He takes a couple of heavy, six-sided brown plates and covers each with generous slices of grilled freshwater eel. “This is eel day in Japan,” he says. “It’s a tradition that goes back 1,000 years. Everybody in Japan eats eel today.” Masa launches into a story about a philosopher and a fishmonger in the Edo period. Is the story true? There is an eel day, but is this it? It’s hard to know; like a good bartender, Masa always has a tale to tell. As he regales us with stories of eel, Masa is fileting the ugliest creature you’ve ever seen, something that seems to be half eel, half fish. “Hamo fish,” he says proudly. “This is very special.
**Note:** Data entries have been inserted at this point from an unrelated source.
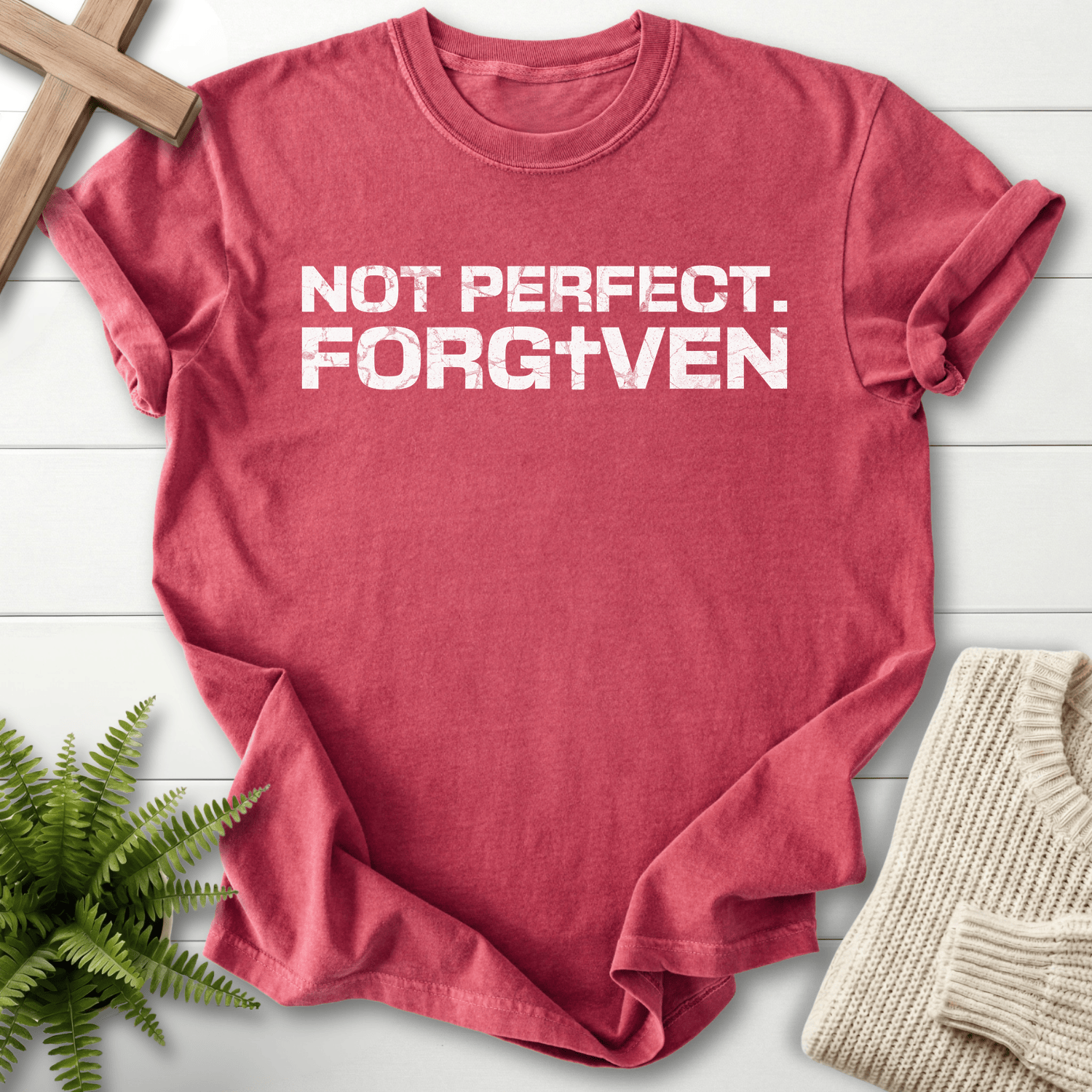 Crimson women's Christian t-shirt with grunge block 'Not Perfect. Forgiven' text and cross.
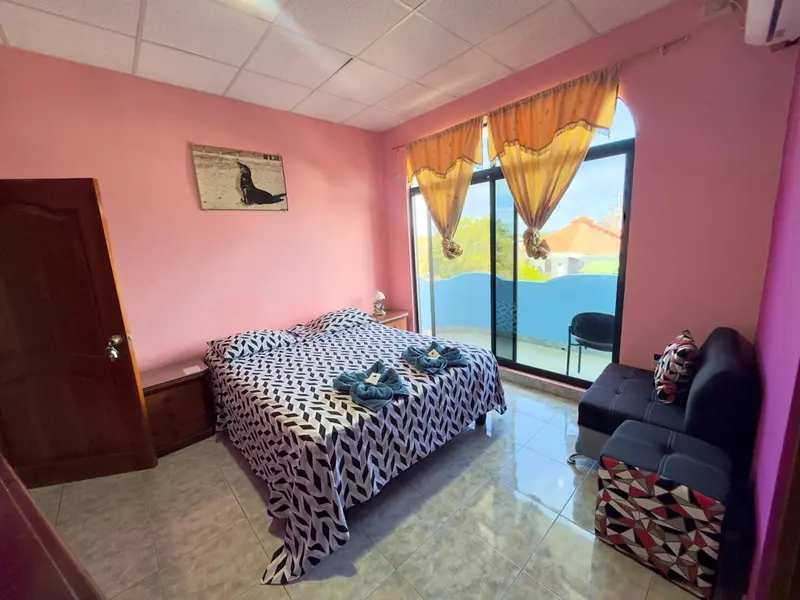 Une chambre lumineuse avec un lit recouvert d'une couverture à motifs et un coin salon.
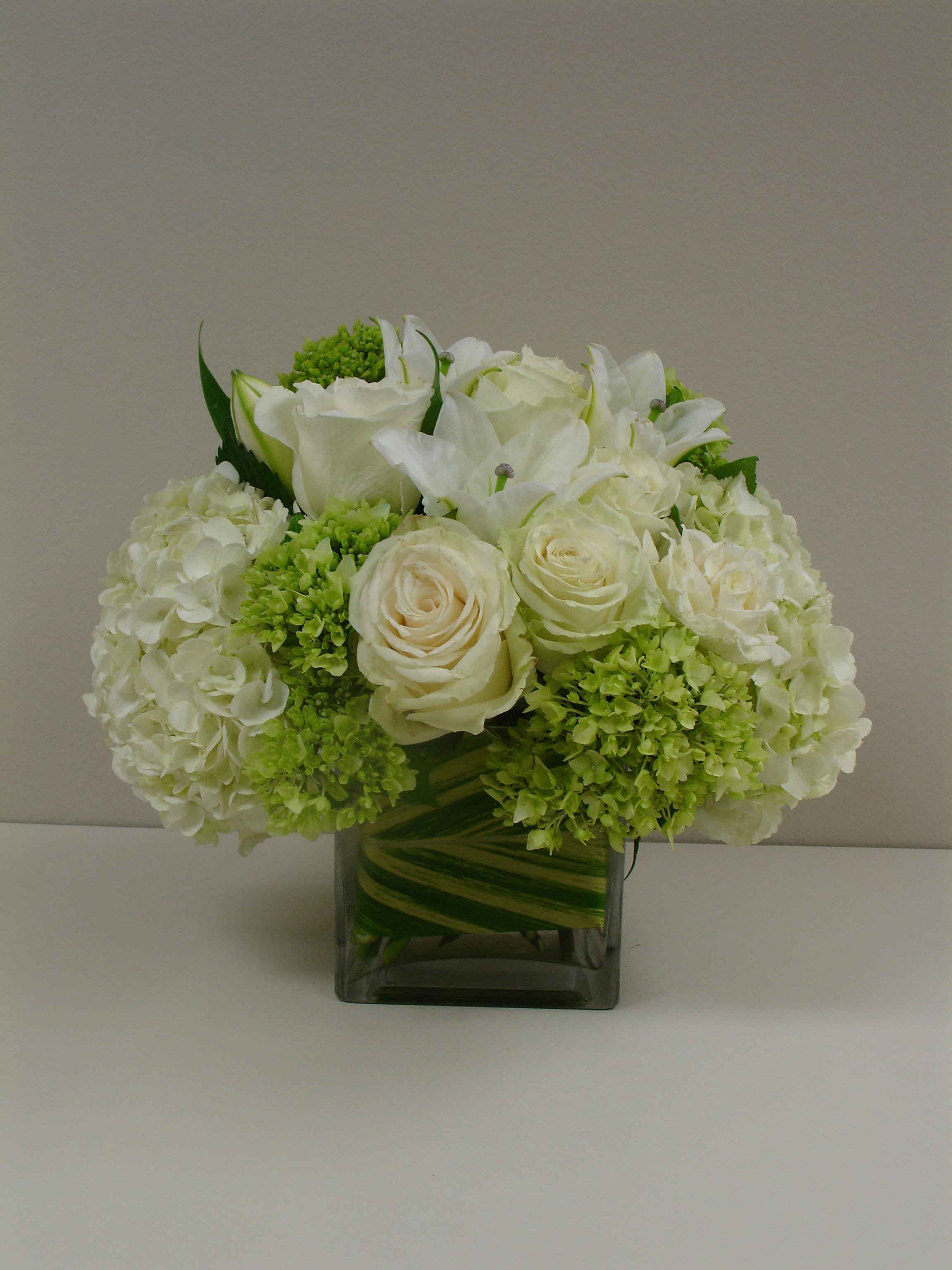 White roses and hydrangeas arranged in a square glass vase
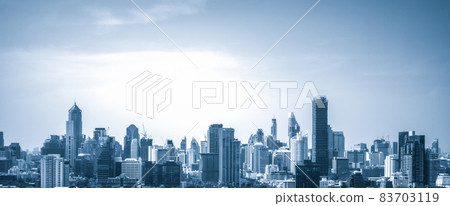 Blue-filtered cityscape and high-rise buildings in metropolis city center 83703119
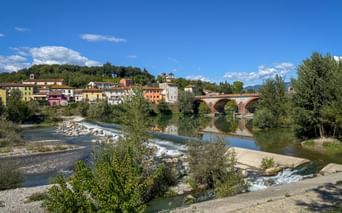 Stone bridge with arches spanning a river in Tuscany. Colorful buildings line the hillside behind the bridge, with trees and rocky riverbed in foreground.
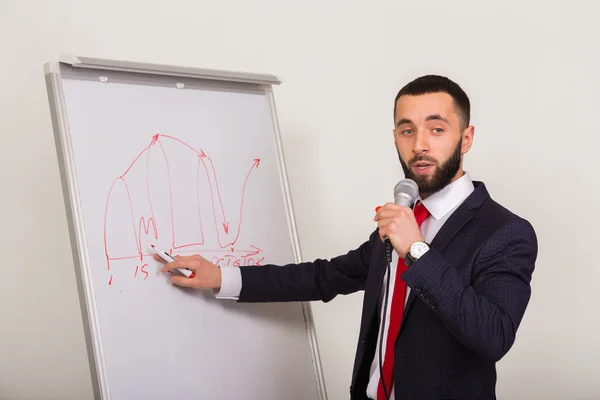 Business coach writes on the blackboard marker — Stock Photo, Image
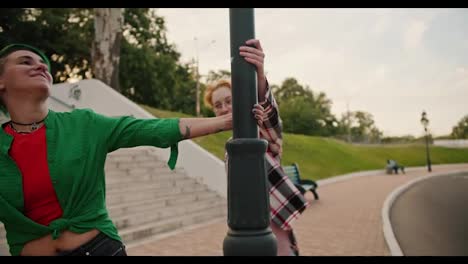 Two-lesbian-girls-with-short-haircuts-of-bright-colors-in-pink-and-green-checkered-shirts,-during-their-date,-spin-around-a-lamppost-and-continue-to-walk-further-holding-hands-in-the-park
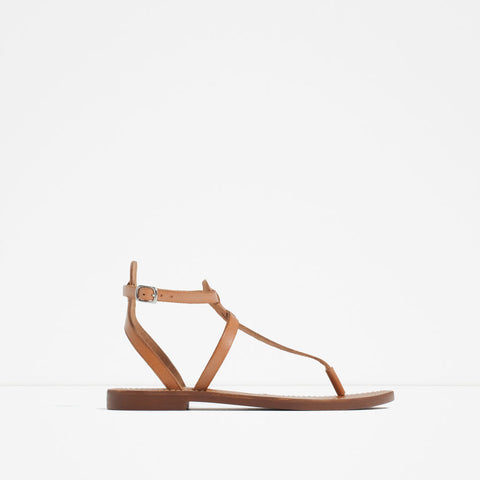 FLAT LEATHER CROSSOVER SANDALS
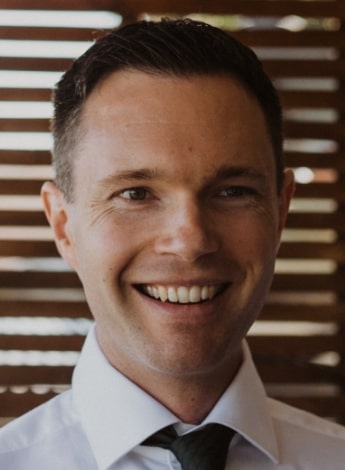 "A man wearing a white shirt and a black tie is standing in front of wooden window shutters."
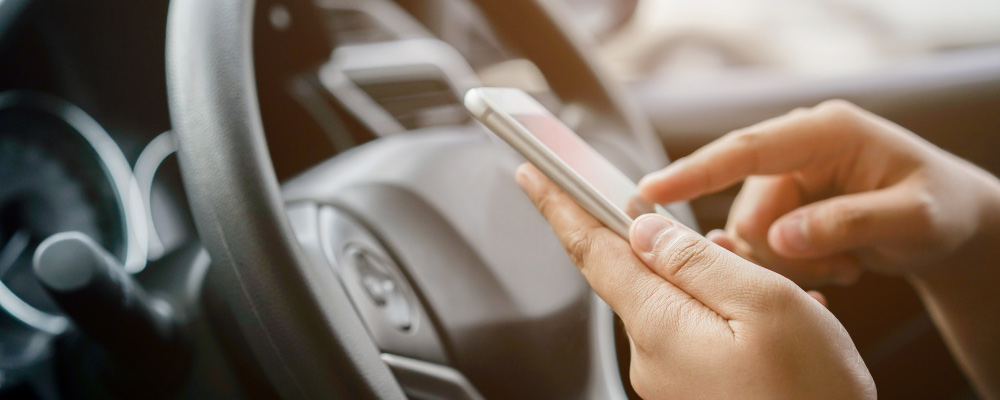 Person texting in their car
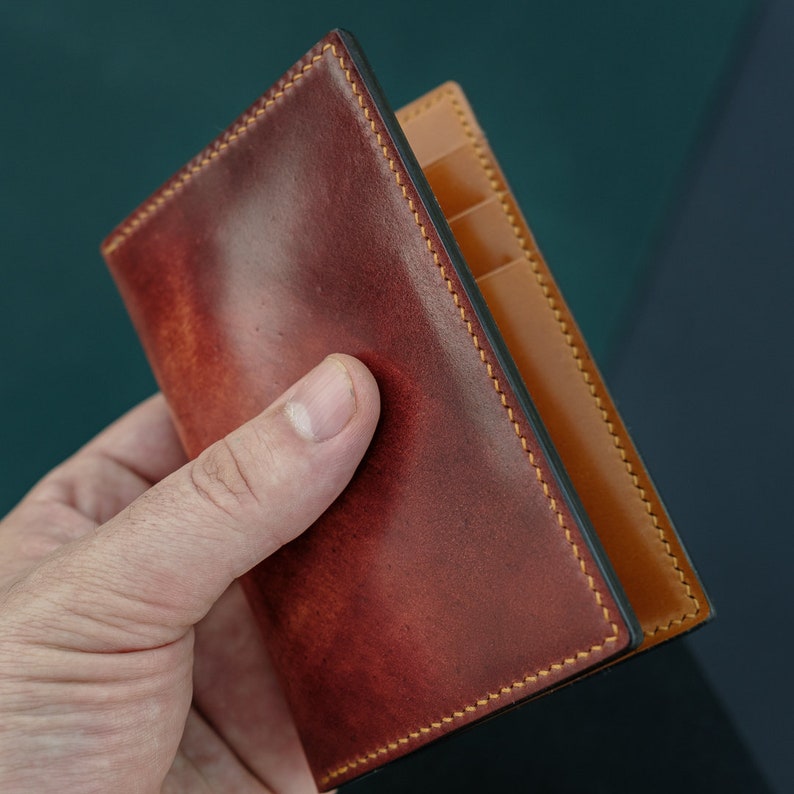 Peut inclure: Un portefeuille en cuir marron avec un int&eacute;rieur en cuir beige et des coutures jaunes. Le portefeuille est pli&eacute; en deux et poss&egrave;de plusieurs fentes pour cartes.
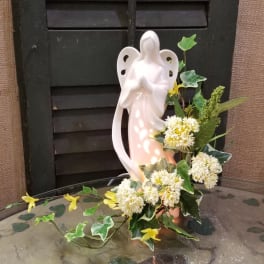 Ceramic angel figurine with white and yellow flowers and ivy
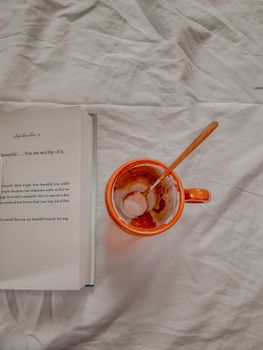 Flat lay of an open book and a mug with spoon on a white fabric background, depicting a cozy reading moment.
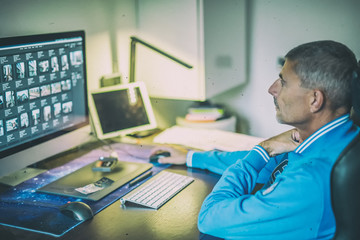 Obraz premium Man working at home computer in front of big screen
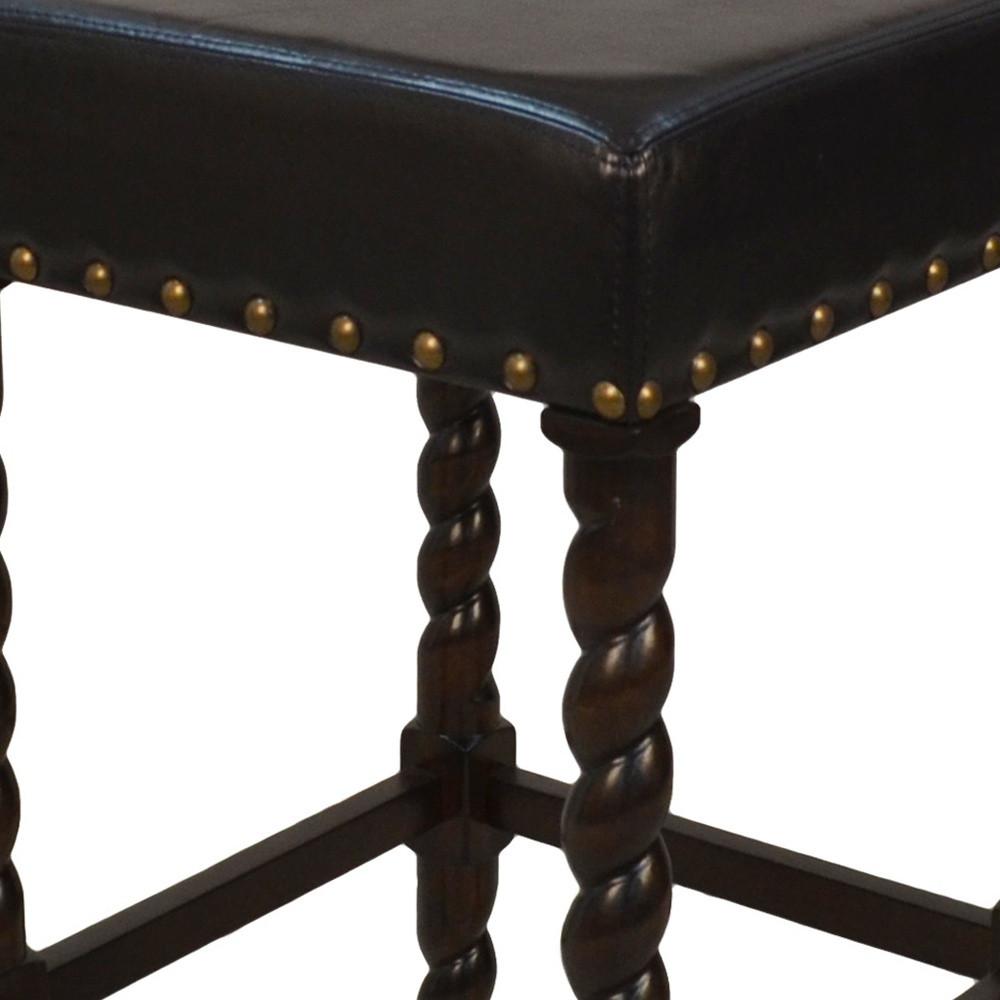 30" Black Faux Leather And Solid Wood Backless Bar Height Chair With Footrest. Picture 3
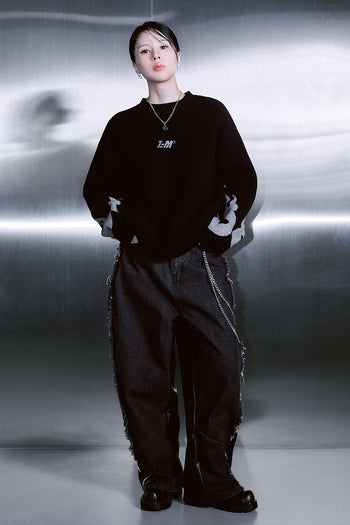 Black wide denim and leather unisex pants by TM3 with flame design and unbalanced style, featuring a modern, edgy look.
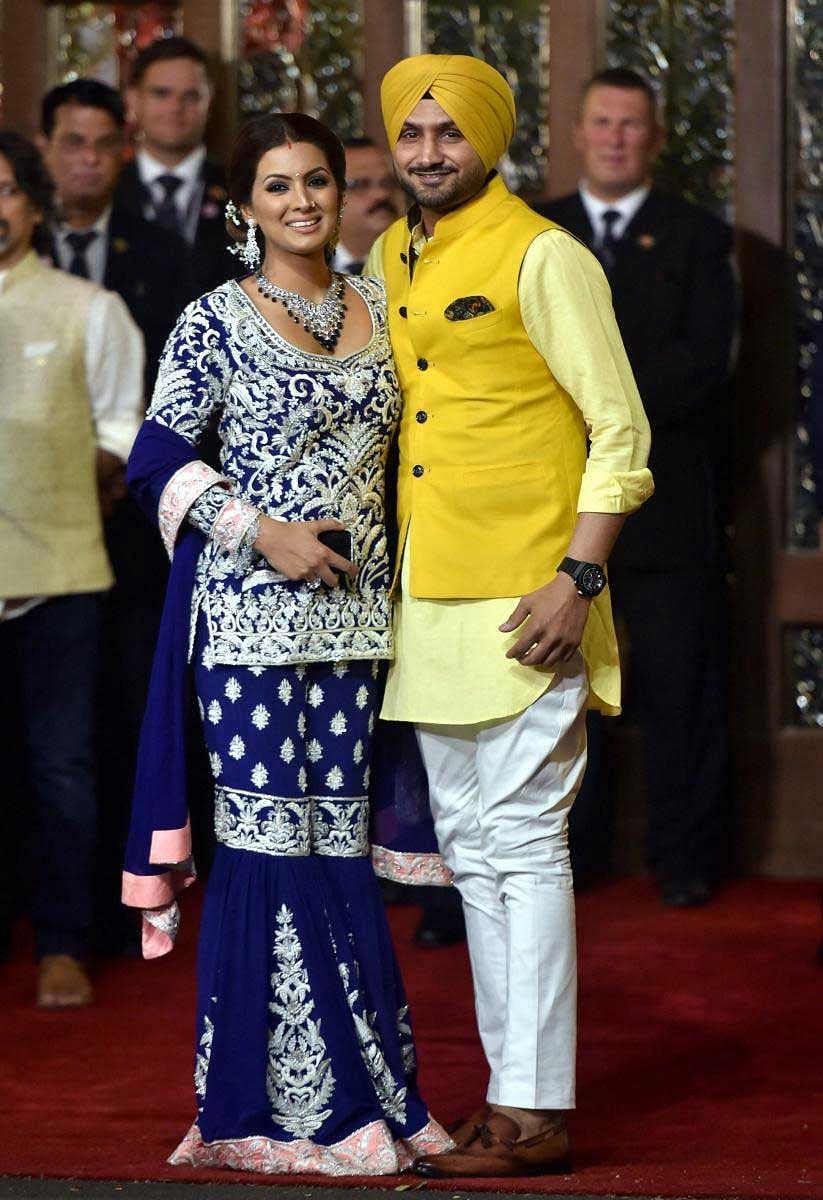 Cricketer Harbhajan Singh with wife Geeta Basra arrives to attend the wedding ceremony of industrialist Mukesh Ambani's daughter Isha with Anand Piramal at Ambani's residence, Antilia, in Mumbai, Wednesday, Dec. 12, 2018. (PTI Photo)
This is the best time of year to eat it.” He takes his knife and begins making thin cuts in the filet, then scores it in the opposite direction. He arranges the sliced fish on beautiful green-glazed plates.

An assistant comes out bearing little white braziers topped with small copper pots, which she sets before us. Inside, a liquid bubbles furiously. Masa picks up a pair of chopsticks and dips one of the little pieces of fish into the hot liquid. It curls into a round chrysanthemum shape. “Cook it just until it turns into a flower,” he says, showing us how to dip the fish into the lime-scented sauce. This remarkable fish has the tender, gentle texture of sole, but it lacks sole’s more insipid qualities.

Having built to this crescendo, Masa begins to slow down and bring the meal to a close. Sushi. First there is a piece of tuna, then another; nowhere else in this country will you find tuna of this quality. It is far better--more flavorful, more meltingly tender--than any tuna I’ve ever eaten. Next there is halibut, followed by a single extraordinary mushroom. And finally there is more eel--this one from the sea--that has all the richness of dessert.

Masa seems to get happier as the meal wears on; as he hands you the iced fruit that almost always ends a meal here, he glows with the contentment of a truly happy man. And why not? How many other chefs get to follow their dream?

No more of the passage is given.